(Scraped caption text data)
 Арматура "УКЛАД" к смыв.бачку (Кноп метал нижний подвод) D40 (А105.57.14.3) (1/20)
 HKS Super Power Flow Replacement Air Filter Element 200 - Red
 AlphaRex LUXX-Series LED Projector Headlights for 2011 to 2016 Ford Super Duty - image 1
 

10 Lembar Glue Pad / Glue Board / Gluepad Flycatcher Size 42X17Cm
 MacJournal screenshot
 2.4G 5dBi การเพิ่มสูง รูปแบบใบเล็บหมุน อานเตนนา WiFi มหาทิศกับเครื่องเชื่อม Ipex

**TASK DIRECTIONS:** Retype the lines from the one containing "MacJournal screenshot" to the last line above. Change nothing and include no others.

**FINAL ANSWER:**
 MacJournal screenshot
 2.4G 5dBi การเพิ่มสูง รูปแบบใบเล็บหมุน อานเตนนา WiFi มหาทิศกับเครื่องเชื่อม Ipex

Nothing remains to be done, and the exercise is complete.